Resulta evidente que León XIV comprende la magnitud del reto. Y no rehúye su responsabilidad. Desde el inicio de su pontificado, ha optado por una línea pastoral decididamente comprometida con las periferias, con los olvidados, con quienes son víctimas del abuso del poder y la indiferencia estructural -por más que haya quien se fije que no usa los mismos zapatos viejos que el papa Francisco o que salió al balcón ataviado con la elegante indumentaria de Benedicto XVI-. Sus palabras no buscan complacer a los poderosos, sino confrontarlos con su deber moral. Al mencionar directamente a Gaza y Ucrania —dos heridas abiertas del planeta— el Papa no toma partido en un sentido geopolítico, sino que denuncia lo inaceptable: el sufrimiento de los inocentes, la instrumentalización de la vida humana, la deshumanización sistemática.

En este contexto, quienes ocupan posiciones de poder —desde mandatarios hasta legisladores, desde empresarios hasta comunicadores— deben asumir su cuota de responsabilidad. Callar ante la injusticia es perpetuarla. Ignorar los llamados a la paz es volverse cómplices de la barbarie. Por ello, el eco de “¡Nunca más guerra!” no puede limitarse a una plaza ni a una homilía. Tiene que traspasar fronteras, generar debates, inspirar políticas públicas y movilizar voluntades.

El Papa León XIV ha planteado una ruta que trasciende lo religioso. Se trata de una visión humanista que coloca a la persona en el centro. Y eso, más allá de credos, debería ser un punto de convergencia para toda sociedad democrática. Porque sin dignidad, sin justicia y sin memoria, no hay paz posible.

Los expertos en relaciones internacionales dirán que el mundo es demasiado complejo como para responder a un llamado moral. Pero la historia demuestra que las grandes transformaciones nacen precisamente de esas voces que se atreven a decir lo que otros callan. La caída del Muro de Berlín, el fin del apartheid, los avances en derechos civiles, todos ellos fueron precedidos por voces proféticas que incomodaron al sistema.

Así también, este grito de León XIV puede ser la chispa que despierte a un mundo anestesiado. Pero para que eso ocurra, no basta con aplaudirlo o repetirlo. Hace falta comprometerse. Hace falta actuar. Hace falta que los ciudadanos exijan a sus gobiernos decisiones coherentes con la paz. Hace falta que los medios no normalicen el horror. Hace falta que la comunidad internacional, tantas veces inerte o selectiva, recupere su sentido de propósito.

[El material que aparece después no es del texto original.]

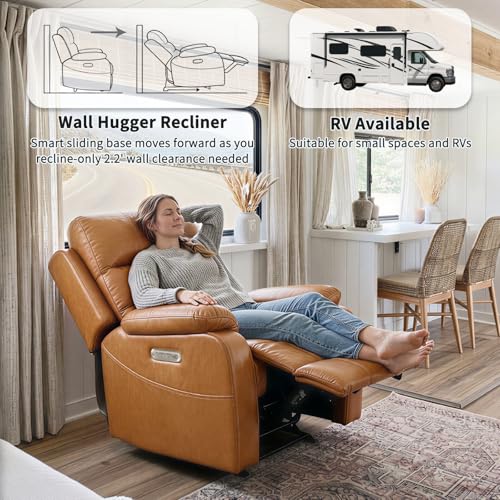 EONIX Power Zero Wall Hugger Power Recliner Chair for Small Space RV Living Room,Power Recliner with Massage and Heat, USB & USB-C Charging Ports, SXXY003992, Saddle Brown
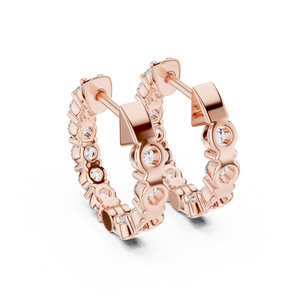 Radiant Round Diamond Hoop Earrings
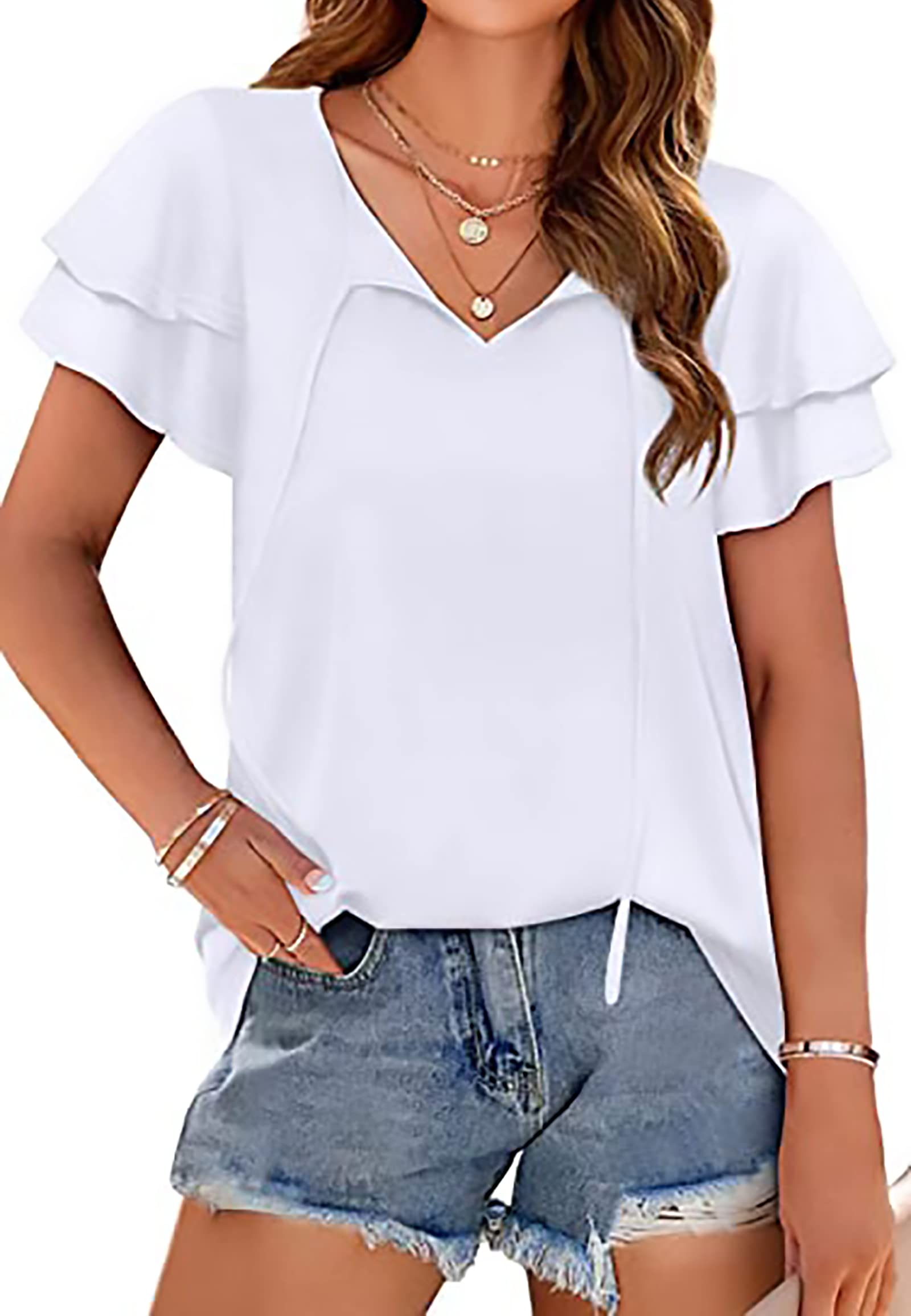 LINBLIL Blusa de manga acampanada de 3/4 con volantes y cuello en V para mujer
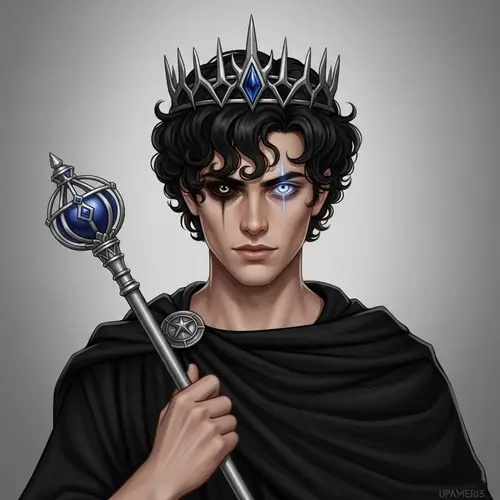 Son of Hades: Mythological Figure with Ebony Robe and Silver Scepter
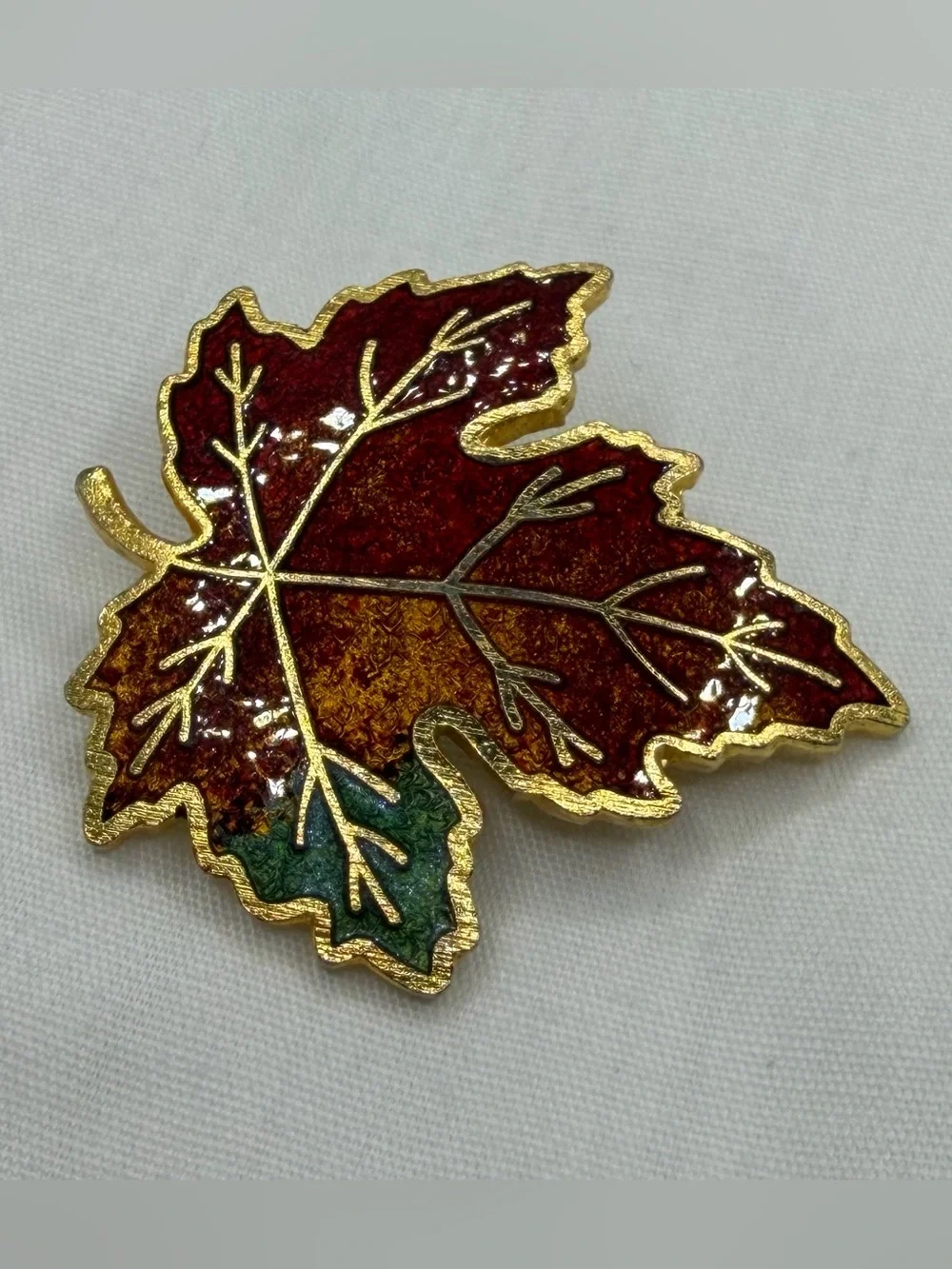 Vintage Goldtone Maple Leaf Brooch Pin Red Yellow Green Enamel Fall Foliage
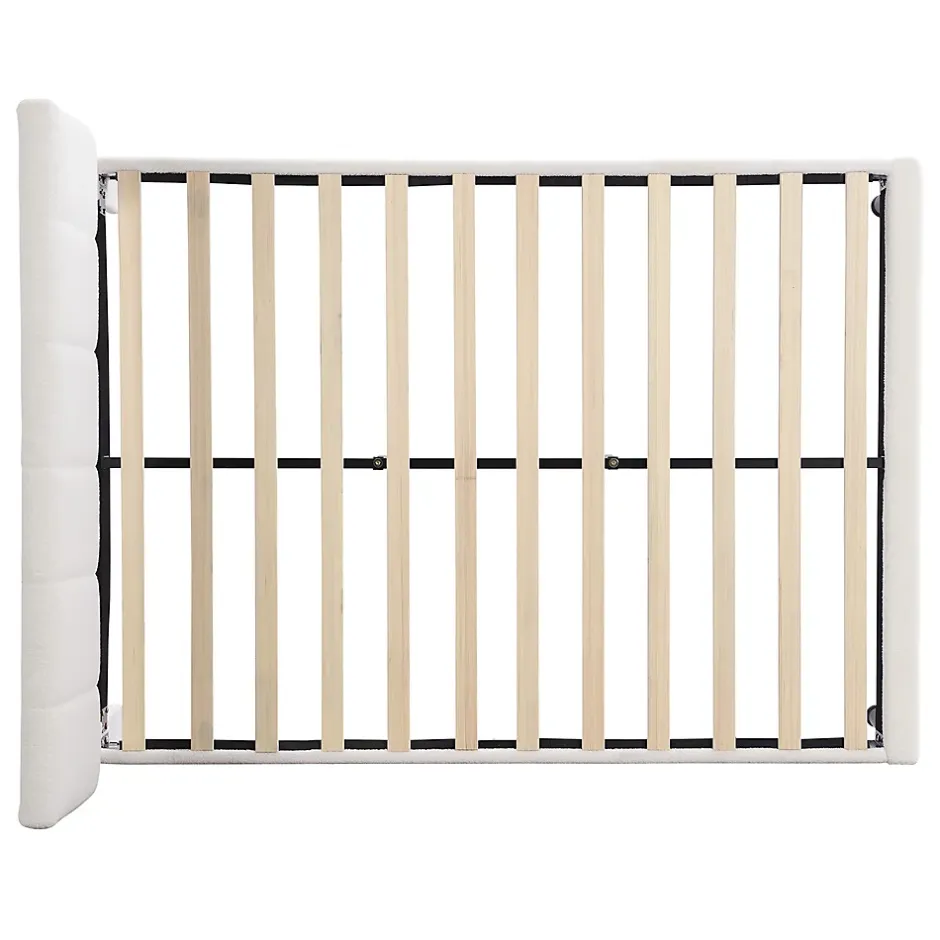 Gutent Lit adulte lit cadre à lattes en bois lit 140x190 cm lit rembourré lit pieds en fer Single sherpa beige New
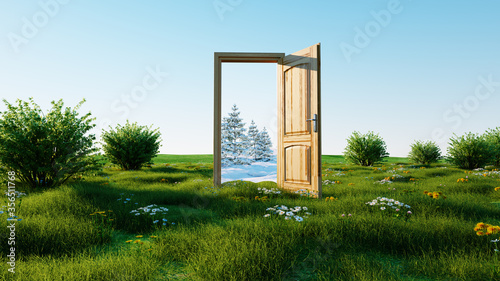 opened door. A portal winter to summer  Change of seasons concept. Transition. 3d rendering.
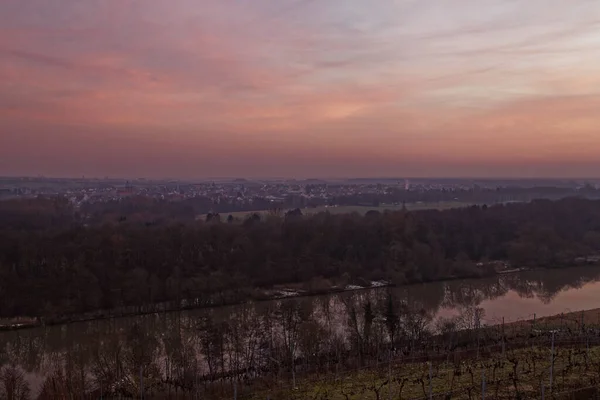 Uitzicht Vanaf Peterstirn Met Zijn Wijngaarden Naar Industriestad Schweinfurt Omgeving — Stockfoto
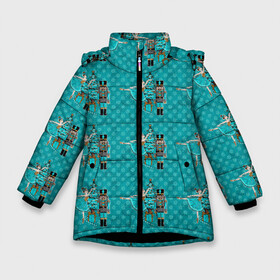 Зимняя куртка для девочек 3D с принтом Новогодний Щелкунчик в Белгороде, ткань верха — 100% полиэстер; подклад — 100% полиэстер, утеплитель — 100% полиэстер. | длина ниже бедра, удлиненная спинка, воротник стойка и отстегивающийся капюшон. Есть боковые карманы с листочкой на кнопках, утяжки по низу изделия и внутренний карман на молнии. 

Предусмотрены светоотражающий принт на спинке, радужный светоотражающий элемент на пуллере молнии и на резинке для утяжки. | 2022 | нг | новогодний | новый год | рождество | щелкунчик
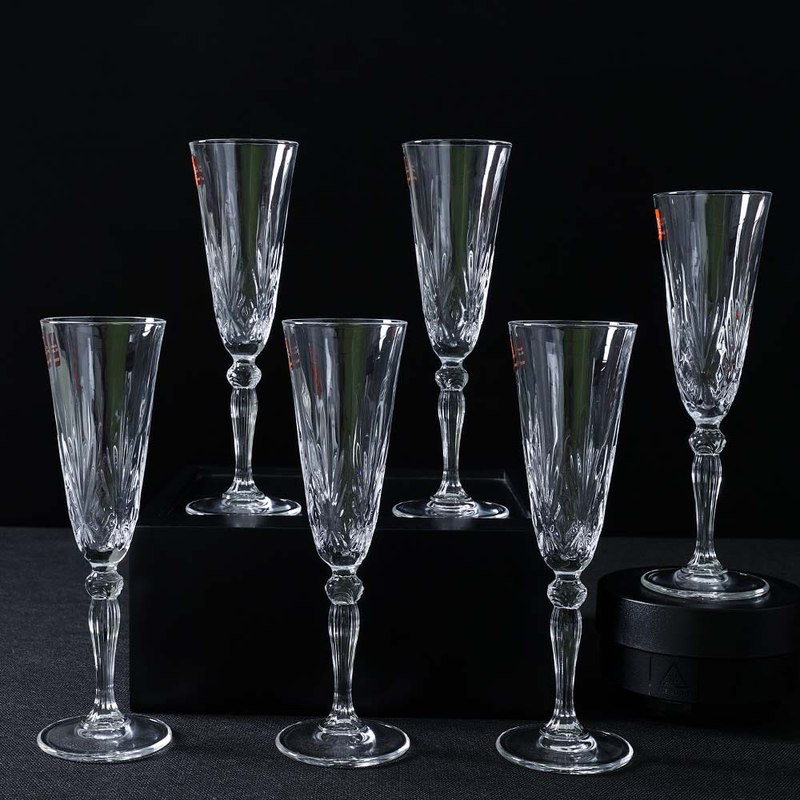 Danube Home 160ml 6-Piece Rcr Melodia Flute Crystal Glass Set, White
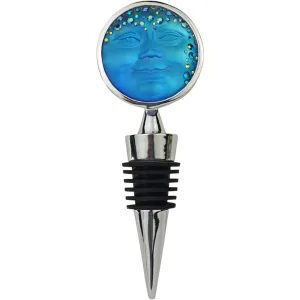 Mystic Goddess Seaview Moon Bottle Stopper (Sterling Silvertone/Mystic Blue Sphinx)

En suma, el mensaje de León XIV no es un consuelo espiritual para tiempos difíciles. Es una hoja de ruta. Es una exigencia ética. Es un compromiso que debe asumirse con valentía.

Porque si permitimos que “Nunca más guerra” se convierta en una frase hueca, si volvemos la vista mientras se multiplican las víctimas, si dejamos que el poder siga dictando su ley desde el miedo y no desde la justicia, entonces seremos todos responsables. Y no habrá indulgencia posible ante nuestra omisión.

El Papa ha hablado. El mundo, ahora, tiene la palabra.

Sin embargo, cabe preguntarse: ¿será escuchado este llamado? ¿Responderán las potencias con responsabilidad o con el ya habitual cinismo diplomático que disfraza de “legítima defensa” o “interés nacional” lo que en realidad es codicia geopolítica?